======== Supplied entries

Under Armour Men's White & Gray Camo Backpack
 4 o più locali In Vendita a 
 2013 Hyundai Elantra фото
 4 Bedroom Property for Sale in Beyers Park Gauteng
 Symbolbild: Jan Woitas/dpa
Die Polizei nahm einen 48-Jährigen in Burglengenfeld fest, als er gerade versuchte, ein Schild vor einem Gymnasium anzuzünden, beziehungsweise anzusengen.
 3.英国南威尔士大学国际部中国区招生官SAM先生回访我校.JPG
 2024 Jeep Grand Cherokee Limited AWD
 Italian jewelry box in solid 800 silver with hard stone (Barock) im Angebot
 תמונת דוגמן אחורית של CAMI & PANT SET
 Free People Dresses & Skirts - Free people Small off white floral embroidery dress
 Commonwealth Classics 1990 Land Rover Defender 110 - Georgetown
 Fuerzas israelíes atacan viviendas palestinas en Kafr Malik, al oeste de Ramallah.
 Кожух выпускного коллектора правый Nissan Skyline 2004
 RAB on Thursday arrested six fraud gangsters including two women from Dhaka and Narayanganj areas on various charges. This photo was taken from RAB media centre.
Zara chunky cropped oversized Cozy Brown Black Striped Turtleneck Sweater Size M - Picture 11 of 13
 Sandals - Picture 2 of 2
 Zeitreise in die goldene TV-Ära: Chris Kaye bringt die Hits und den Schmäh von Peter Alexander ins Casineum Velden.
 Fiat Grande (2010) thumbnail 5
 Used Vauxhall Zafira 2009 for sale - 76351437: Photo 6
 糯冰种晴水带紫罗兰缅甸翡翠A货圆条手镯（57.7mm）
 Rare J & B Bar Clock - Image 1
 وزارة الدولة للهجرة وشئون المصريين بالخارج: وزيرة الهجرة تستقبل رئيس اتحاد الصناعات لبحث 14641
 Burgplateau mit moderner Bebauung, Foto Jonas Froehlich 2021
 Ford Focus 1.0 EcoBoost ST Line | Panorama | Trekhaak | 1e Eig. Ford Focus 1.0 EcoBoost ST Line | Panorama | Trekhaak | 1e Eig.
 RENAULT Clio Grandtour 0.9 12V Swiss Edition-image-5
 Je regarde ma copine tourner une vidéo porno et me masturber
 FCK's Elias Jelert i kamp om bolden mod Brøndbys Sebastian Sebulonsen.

================

▸ **Instructions for the task**
Pull out each line of the entries that contains "Picture".

▸ **Answer for this exercise**
Zara chunky cropped oversized Cozy Brown Black Striped Turtleneck Sweater Size M - Picture 11 of 13
 Sandals - Picture 2 of 2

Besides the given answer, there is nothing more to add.